How many times have we heard of stories like that of Jessica Hampton’s? How many people do we know are involved in domestically violent relationships? How many abusive relationships have you, yourself been involved in? The number is countless, no matter which question is answered.
Companionship can be such a beautiful thing, whether it be romantic or platonic. Who doesn’t enjoy the company of someone who adores them, respects them, and the feeling that comes with belonging to someone? “You are mine, I am yours.” However, crossing over to the dark side of possessiveness is extremely common in many relationships. In fact, what most people call normal in a relationship, actually is the dark side.. Words like security, tenacity, unshakable, steadfast all sound so…right, right?
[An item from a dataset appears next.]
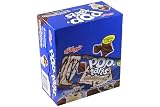 Pop-Tarts 6 - 3.5oz Packs Hot Fudge Sundae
Yeah, these words, or characteristics rather, sound marvelous, until they are attached to words like jealous, clinging, selfish, or controlling. This is a dangerous zone, that can quite possibly lead to a violent, or deadly situation. Please get help and GET OUT if you are in this type of relationship!
Growing up, I lived in a household where dominance and control were taken to the extreme. I was taught through the traditions of a religion where submissiveness and obedience were strongly encouraged as the woman’s role. When you add all of these components to a relationship, where does the freedom go? Where does the individuality go? It’s extremely hard to be authentic in a relationship where you constantly have to fit a mold that goes against your original design. Someone once told me that the love I was labeling ‘unconditional’, came with too many conditions. It wasn’t until then that I realized I was doing it wrong.
To the degree that we are creative, growing persons,
our love is full of surprises rather than governed by expectations.
If we find ourselves in the rut of customary activities,
then we know that freedom and flexibility have disappeared.
For instance, if we always share certain meals or always sleep together,
then the openness of our early love has been replaced by patterns,
which might become expectations,
which might in turn become obligations—or even burdens.
Love may only be freely given, not expected or demanded.
Demands yield not love but duty—perhaps unwilling duty. – James Leonard Park, ‘Loving in Freedom’
“You’re suffocating me.”
“You’re too intense.”
“Stop trying to change me.”
“I have to learn on my own.”
“I need a break”….
These are all things that I’ve been told in failed relationship, after failed relationship. Just because you love someone deeply, and shower someone with constant affection doesn’t always mean that its harmless. There is a such thing as ‘going too hard’ in a relationship. You can get so caught up in patterns, and what you feel are customary ideas of the future, that you lose the balance between the two of you. Your train has pretty much derailed, because you’re no longer in a freeing, loving relationship, but an obligation building slowly upon the fear of hurting the other person by letting go.
From the freest place in my being, I love you.
And I want you always to be completely free.
Do you love me today because you freely choose this relationship?
I do not want you to come to me because of my expectation
or because you feel the pressure of my demand, the burden of my need.
I want you, yes, but I only want you if you freely give yourself to me.
I will never possess you; you will be forever free. – James Leonard Park, ‘Loving in Freedom‘
In order to find the freedom in love, you might have to unlearn everything you were ever taught about love to begin with. Personally, my soul no longer desires to be held down by the mundane traditions in which I was taught love was all about. No, my soul desires to be loved in its most authentic and freest state, I wish to forever be free in love.